(Web page caption snippets)
┌──

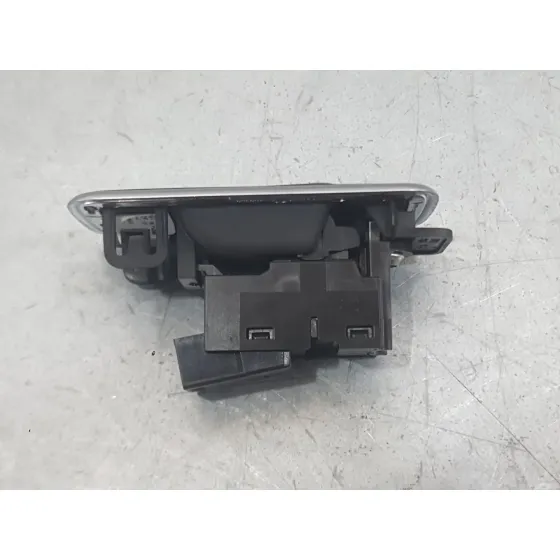 Mando Elevalunas Trasero Derecho para Jaguar F-Pace (X761)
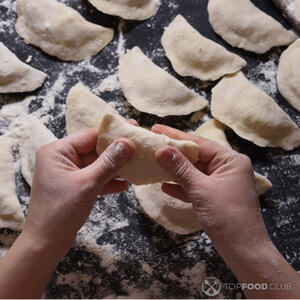 лепим вареники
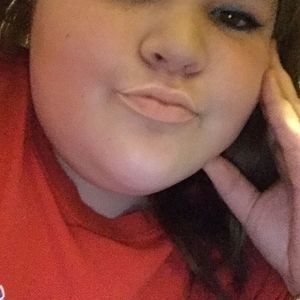 Meet your Posher, Chloe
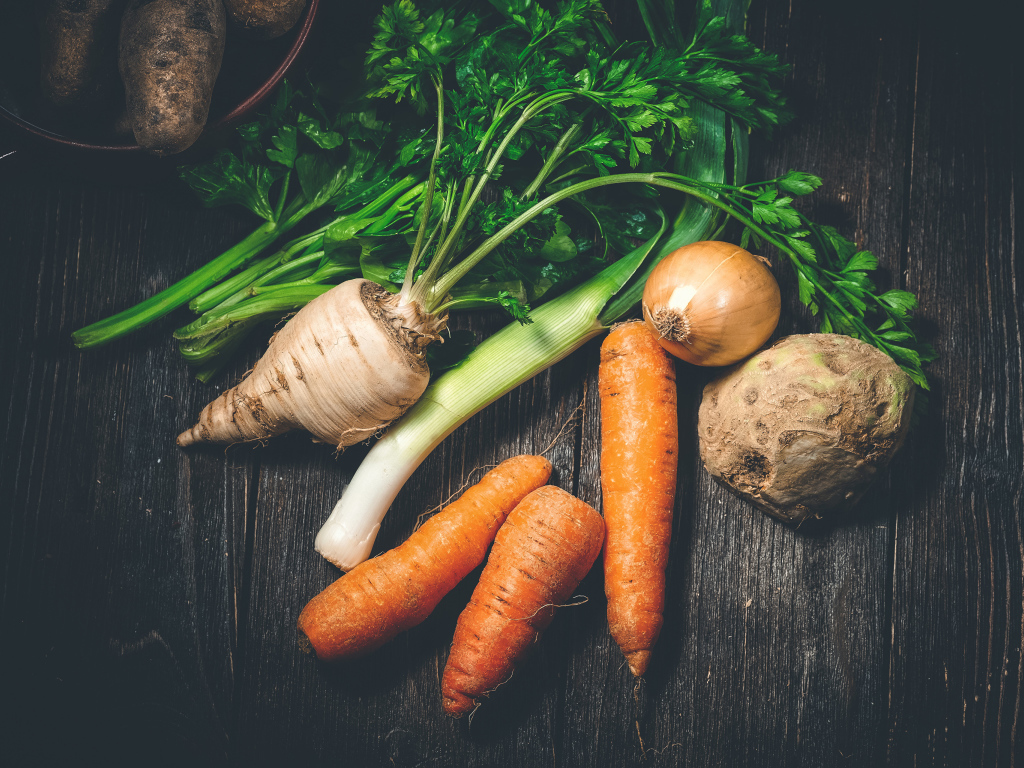 Сельдерей, морковь и лук на столе 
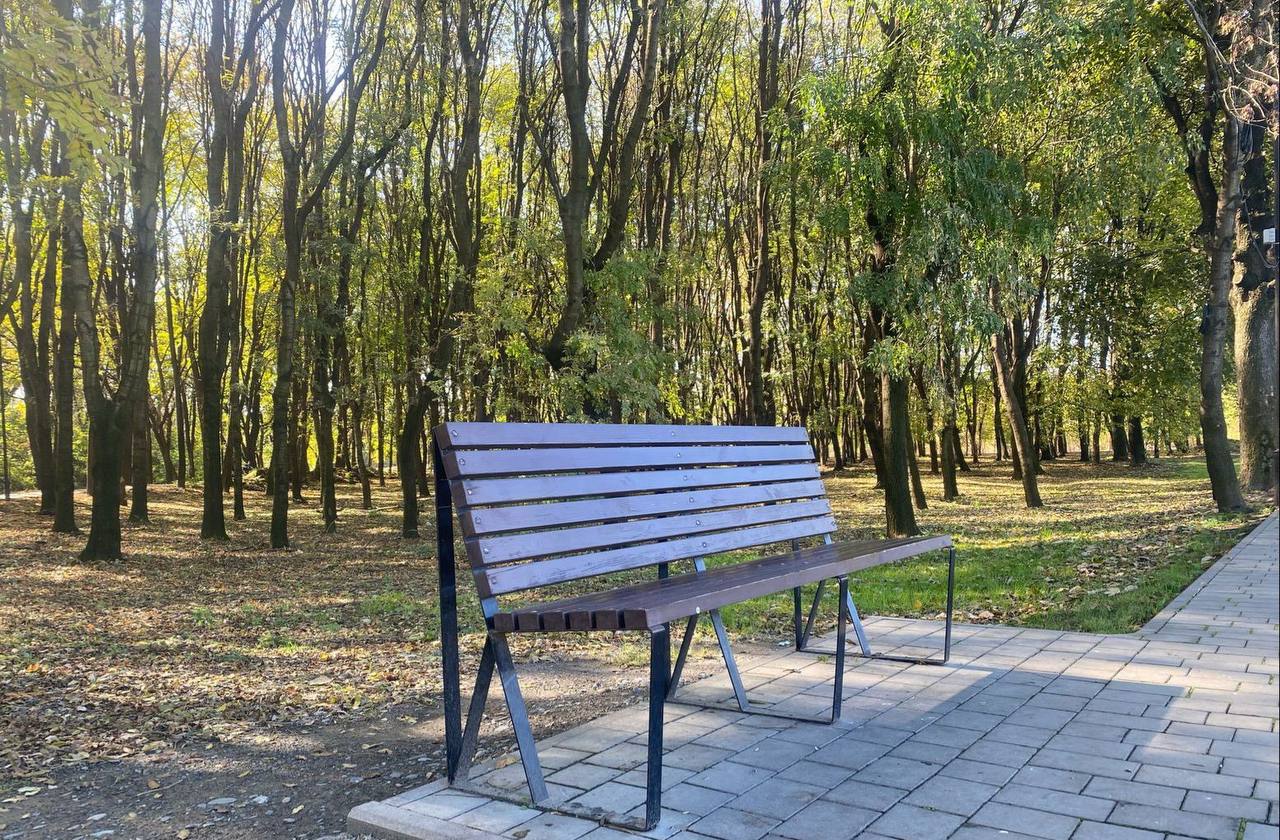 Старая водная по улице Пожарского во Владикавказе заметно преобразилась: специалисты уложили по пешеходным дорожкам новую брусчатку, установили бордюры, освещение, скамейки и урны. Для большей безопасности вокруг водоема возвели новые оградительные опоры. Но это лишь часть обновлений, здесь предстоит ещё немало работы. В этом году зона отдыха, как и десятки других локаций, снова участвует во Всероссийском онлайн-голосовании по благоустройству общественных территорий. Благодаря программе «Формирование комфортной городской среды» нацпроекта «Инфраструктура для жизни» каждый из нас может выбрать, как будет меняться пространство вокруг нас. Хвалю активность жителей нашей республики, на сегодня проголосовало уже почти 50 тысяч человек. Друзья, призываю всех последовать их примеру: для этого достаточно пройти по ссылке и сделать свой выбор. Вместе мы можем сделать нашу замечательную республику ещё красивее и комфортнее!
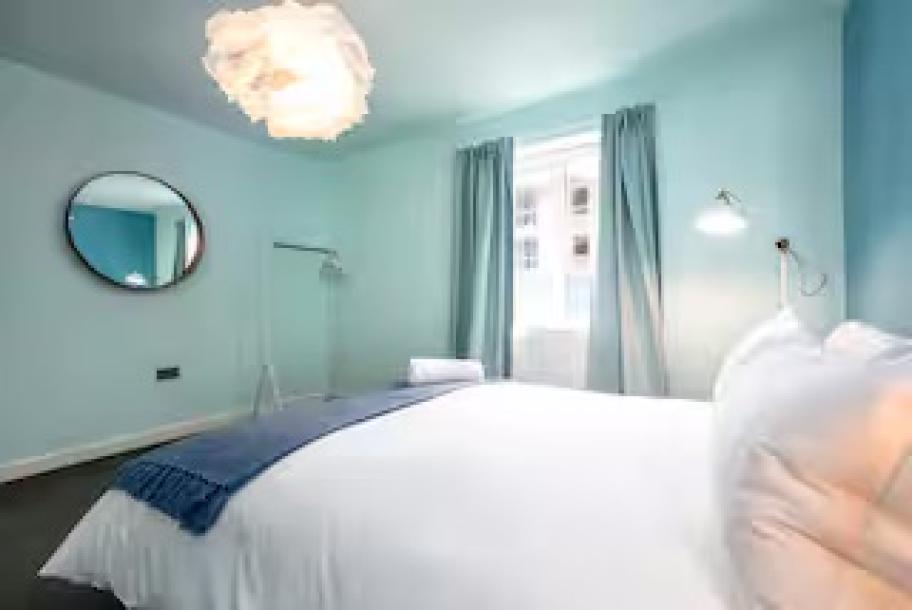 Boutique Hotel Style Apartment Sleeps 4 + Parking-7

└──

▶ _Required action_
Every line above must be printed again exactly, pictures excluded.

▶ _Task output_
 Mando Elevalunas Trasero Derecho para Jaguar F-Pace (X761)
 лепим вареники
 Meet your Posher, Chloe
 Сельдерей, морковь и лук на столе 
 Старая водная по улице Пожарского во Владикавказе заметно преобразилась: специалисты уложили по пешеходным дорожкам новую брусчатку, установили бордюры, освещение, скамейки и урны. Для большей безопасности вокруг водоема возвели новые оградительные опоры. Но это лишь часть обновлений, здесь предстоит ещё немало работы. В этом году зона отдыха, как и десятки других локаций, снова участвует во Всероссийском онлайн-голосовании по благоустройству общественных территорий. Благодаря программе «Формирование комфортной городской среды» нацпроекта «Инфраструктура для жизни» каждый из нас может выбрать, как будет меняться пространство вокруг нас. Хвалю активность жителей нашей республики, на сегодня проголосовало уже почти 50 тысяч человек. Друзья, призываю всех последовать их примеру: для этого достаточно пройти по ссылке и сделать свой выбор. Вместе мы можем сделать нашу замечательную республику ещё красивее и комфортнее!
 Boutique Hotel Style Apartment Sleeps 4 + Parking-7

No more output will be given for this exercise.